- **Description of the task**:
Print the whole listing below exactly as given, pictures excluded.

- **Data block**:
# # # # # # #
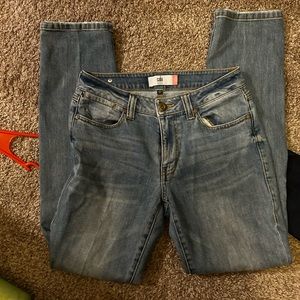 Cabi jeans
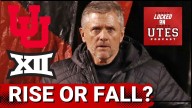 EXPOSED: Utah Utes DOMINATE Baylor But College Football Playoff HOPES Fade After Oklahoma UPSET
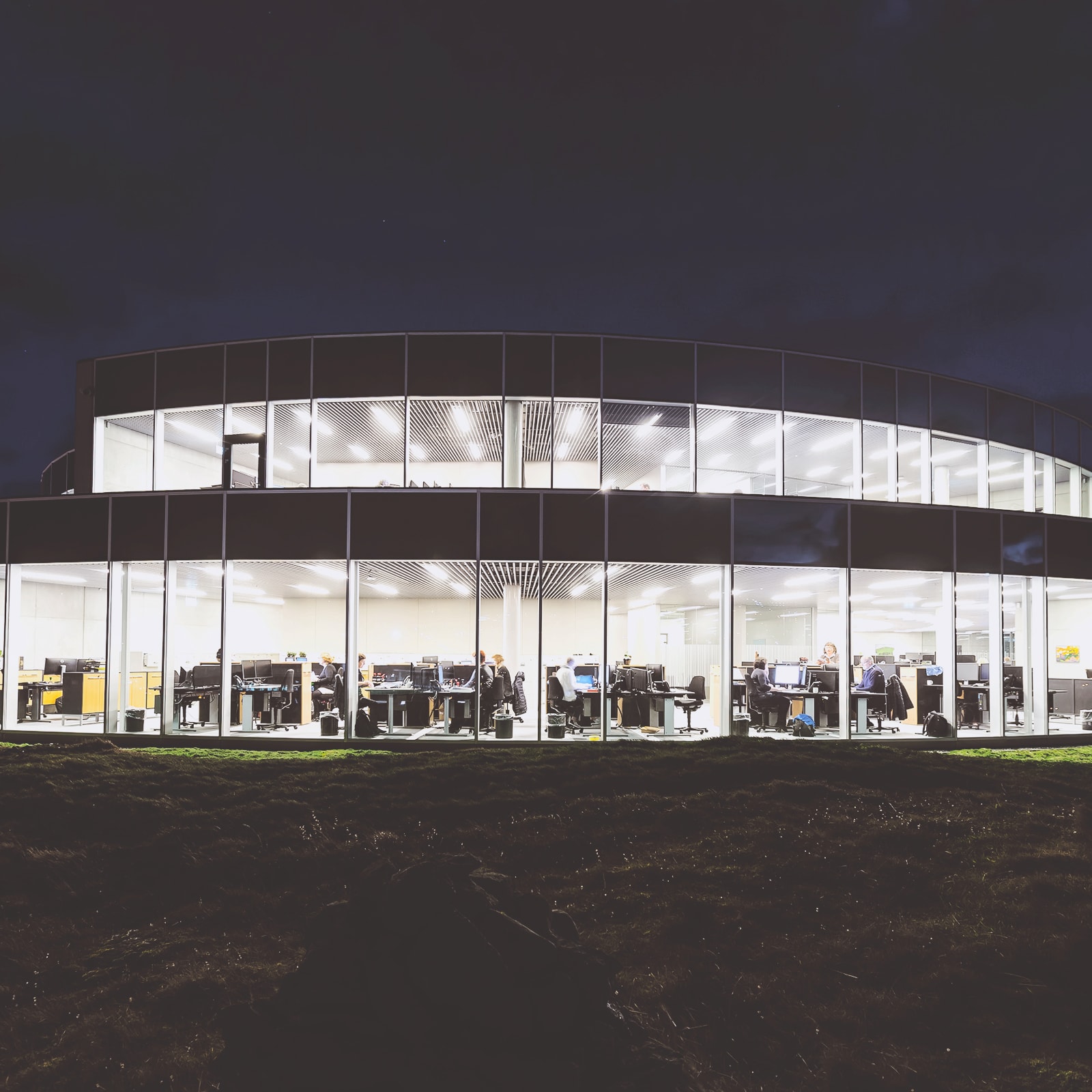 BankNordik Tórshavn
# # # # # # #
- **Task solution**:
 Cabi jeans
 EXPOSED: Utah Utes DOMINATE Baylor But College Football Playoff HOPES Fade After Oklahoma UPSET
 BankNordik Tórshavn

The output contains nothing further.